氢化物诱致金属稳态裂纹扩展数学模型的应用

在温度和裂尖速度恒定、平面应变和小规模屈服、小规模氢化物沉淀条件下,应用有限元法研究氢化物诱致金属稳态裂纹扩展的信息.在考虑氢扩散、氢化物沉淀、非机械能量流和氢化物/固溶变形等多物理的耦合现象条件下,有限元结果和导出的分析表达式给出的结果都证实应力平稳平台的存在,且两种计算结果相当一致.分析关系式基于氢化学平衡并明确表明了温度、远端氢浓度和氢化物弹性性态效应.裂纹尖端场特性用于发展断裂准则和估计应力强度因子阈值.当归一化应力强度因子趋于零时,临近应力强度因子阈值的裂尖场产生,表现为氢化物沉淀区出现常静水应力.随着归一化应力强度因子值增加,裂纹扩展裂尖场从阶段I演化到阶段II,氢化物沉淀区域实际尺寸减小并偏离平台水平,裂尖场附近的力学响应基本和金属中不含有氢的工况一致,此时裂尖场强烈依赖于远离裂尖场的氢浓度.

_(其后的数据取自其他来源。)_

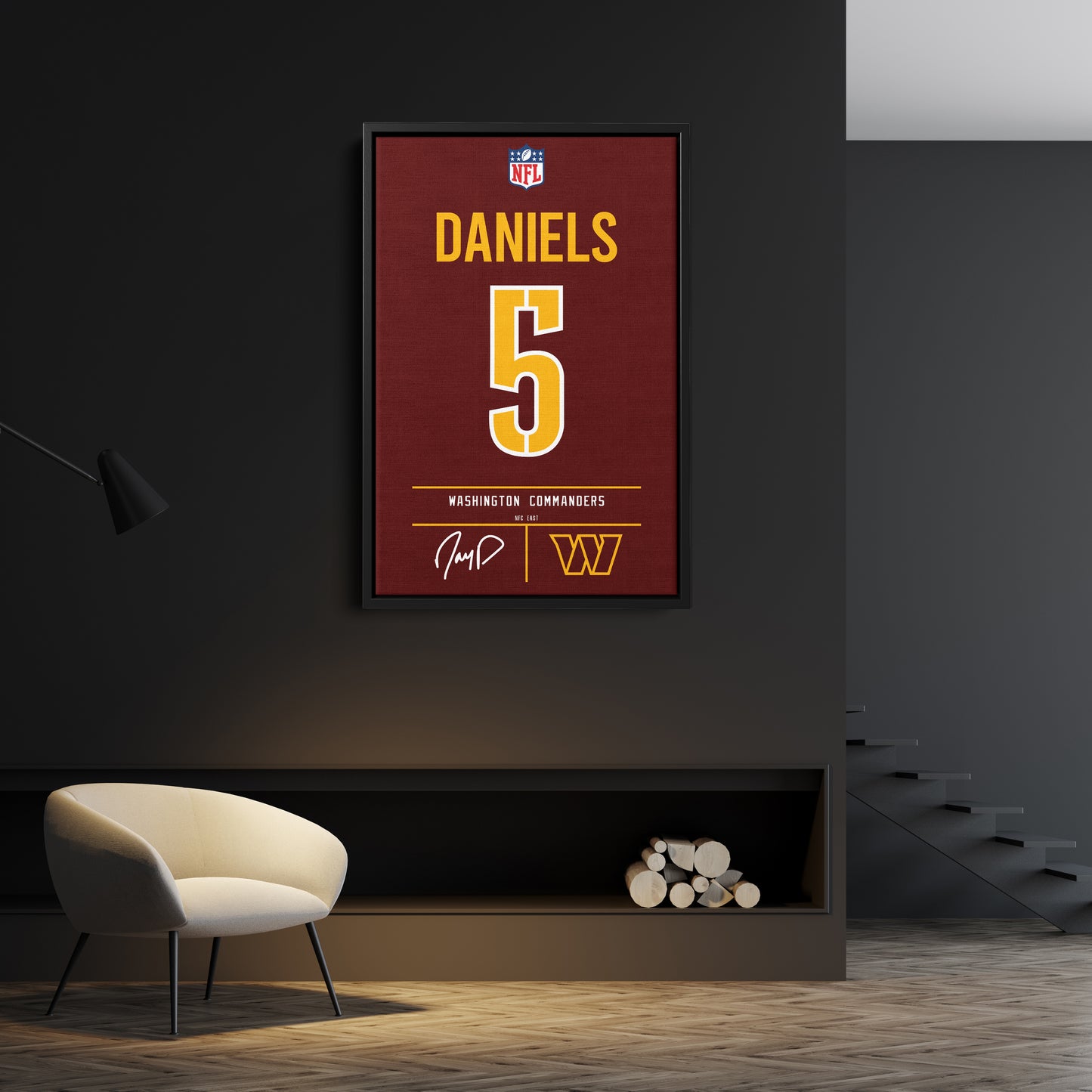 Jayden Daniels Commanders Jersey Canvas Print | Wall Art Decor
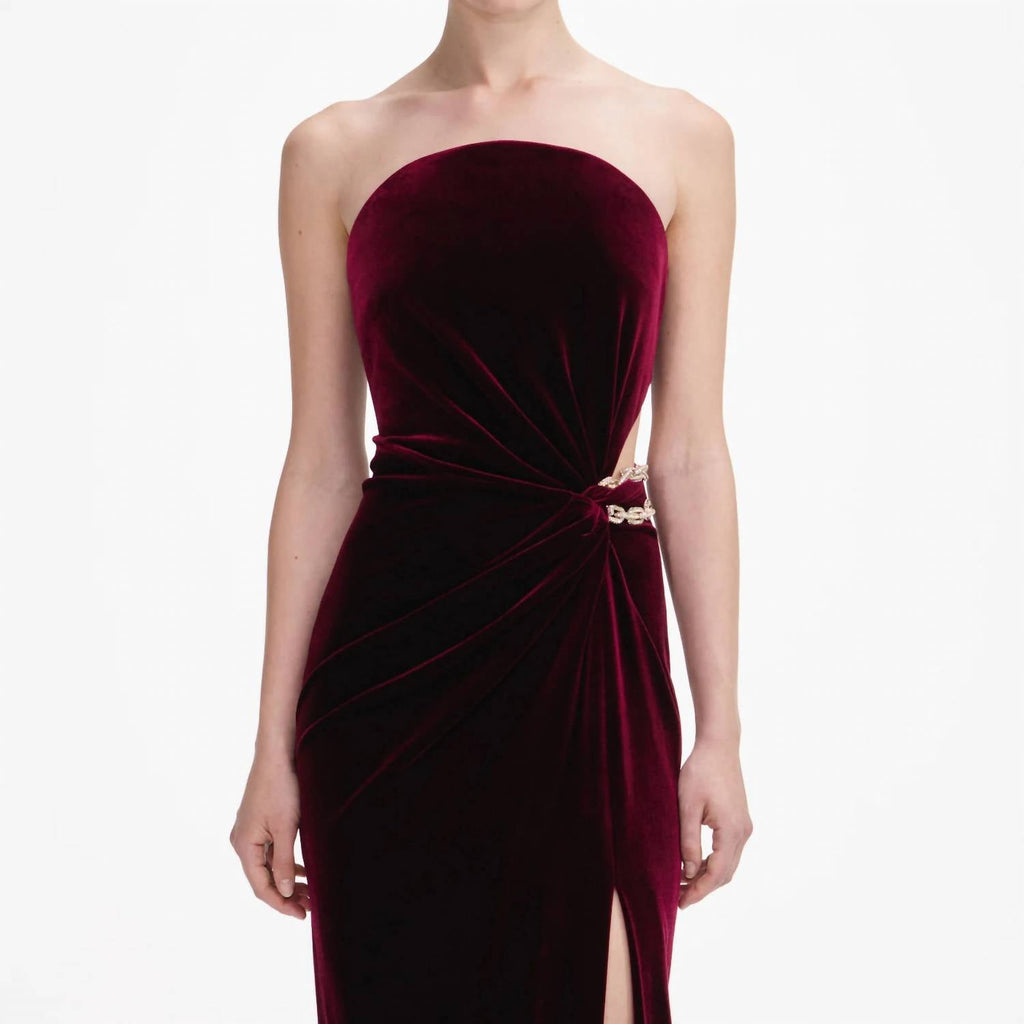 Self-Portrait - Velvet Bandeau Maxi Dress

Application of mathematical model to the analysis of hydride-introduced steady-state crack growth in metals

The present paper is inclined to present the authors' analysis and investigation over the hydride-induced steady-state crack propagation in metals under conditions of constant temperature,plane strain,small-scale yielding and small-scale hydride precipitation.While taking into full consideration the coupling of hydrogen diffusion,the hydride precipitation and the material deformation of the metal itself and the other factors concerned,it is necessary to confirm the development of the stress plateau,which is independent of the finite element study as well as the derivation of analytical relations,which should be based on the hydrogen chemical equilibrium and give explicit indication of the effects of temperature,remote hydrogen concentration and hydride elastic properties.In so doing,the analytical and numerical predictions on the level of the stress plateau are to be in perfect agreement.In addition,it is also necessary to use the characteristics of the near-tip field to develop a fracture criterion and estimate the threshold stress intensity factors.However,when the normalized stress intensity factor tends to be zero,the crack-tip field will be produced near the threshold stress intensity factor,which is characterized by a constant hydrostatic stress in the hydride precipitation zone.As the value of the normalized stress intensity factor increases,the near-tip field for crack propagation will be evolving from stage-I to stage-II.Then,while the actual size of the hydride precipitation zone becomes smaller,the hydrostatic stress will increase,deviating from the level of the plateau,with the near-tip field turning to be that of a hydrogen-free metal.Thus,it can be seen that the near-tip field has to depend strongly on the hydrogen concentration far from the crack tip.